# Proving Theorems using Incremental Learning and Hindsight Experience Replay (@ arXiv 2021)

### Eser Aygün, Laurent Orseau, Ankit Anand, Xavier Glorot, Vlad Firoiu, Lei M. Zhang, Doina Precup, Shibl Mourad

This paper proposes a simple and neat idea: using Hindsight Experience Replay in training neural theorem provers
to generate useful training data from failed proof attempts. In their case, they target first-order logic proofs
without equality, a subset of the TPTP benchmark. The reviewers mainly complained about the experimental comparisons
against E, which don't really show overall improvements, and don't contain any other learning-based method.

Their search algorithm is interesting: instead of basing it on top of an off-the-shelf FOL prover like E,
they propose this simple 3-priority-queue approach which guarantees that all clauses are visited at some point,
but can still prioritize clauses ranked highly by the neural model.

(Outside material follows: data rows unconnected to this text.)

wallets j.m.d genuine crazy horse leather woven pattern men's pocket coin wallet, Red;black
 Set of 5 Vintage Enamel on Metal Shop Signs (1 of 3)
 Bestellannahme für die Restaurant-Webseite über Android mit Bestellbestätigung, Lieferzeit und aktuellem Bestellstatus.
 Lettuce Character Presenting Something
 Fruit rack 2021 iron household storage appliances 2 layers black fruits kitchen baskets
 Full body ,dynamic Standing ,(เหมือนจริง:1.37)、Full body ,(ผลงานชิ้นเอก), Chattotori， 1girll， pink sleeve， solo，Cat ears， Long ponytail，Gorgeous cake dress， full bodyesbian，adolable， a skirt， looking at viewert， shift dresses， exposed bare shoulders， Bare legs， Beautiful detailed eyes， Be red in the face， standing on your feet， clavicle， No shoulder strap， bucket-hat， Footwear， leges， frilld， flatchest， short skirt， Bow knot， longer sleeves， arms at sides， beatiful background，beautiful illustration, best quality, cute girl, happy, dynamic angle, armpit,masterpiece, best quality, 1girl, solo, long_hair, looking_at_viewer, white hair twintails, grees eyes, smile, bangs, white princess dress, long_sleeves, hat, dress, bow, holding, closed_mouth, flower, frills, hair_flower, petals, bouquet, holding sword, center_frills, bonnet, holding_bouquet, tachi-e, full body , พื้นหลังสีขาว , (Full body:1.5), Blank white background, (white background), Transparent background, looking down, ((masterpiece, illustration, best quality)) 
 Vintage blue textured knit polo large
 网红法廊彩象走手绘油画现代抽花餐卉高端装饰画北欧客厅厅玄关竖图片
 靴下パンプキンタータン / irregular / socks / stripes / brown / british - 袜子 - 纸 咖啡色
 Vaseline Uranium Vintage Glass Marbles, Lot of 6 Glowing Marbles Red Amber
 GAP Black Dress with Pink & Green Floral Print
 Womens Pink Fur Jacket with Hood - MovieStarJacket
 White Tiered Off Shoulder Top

Other than the experimental doubts, I like this idea, and had thought of it in a similar context. This is one advantage of
deductive proof systems: *every time* you apply a deduction rule, you prove *something*, even though it might not
be even going towards the direction of the goal. This is not the case in top-down approaches, where one tries to reduce
the goal to the axioms, but don't necessarily have a complete proof along the way (except if some sub-goals are closed).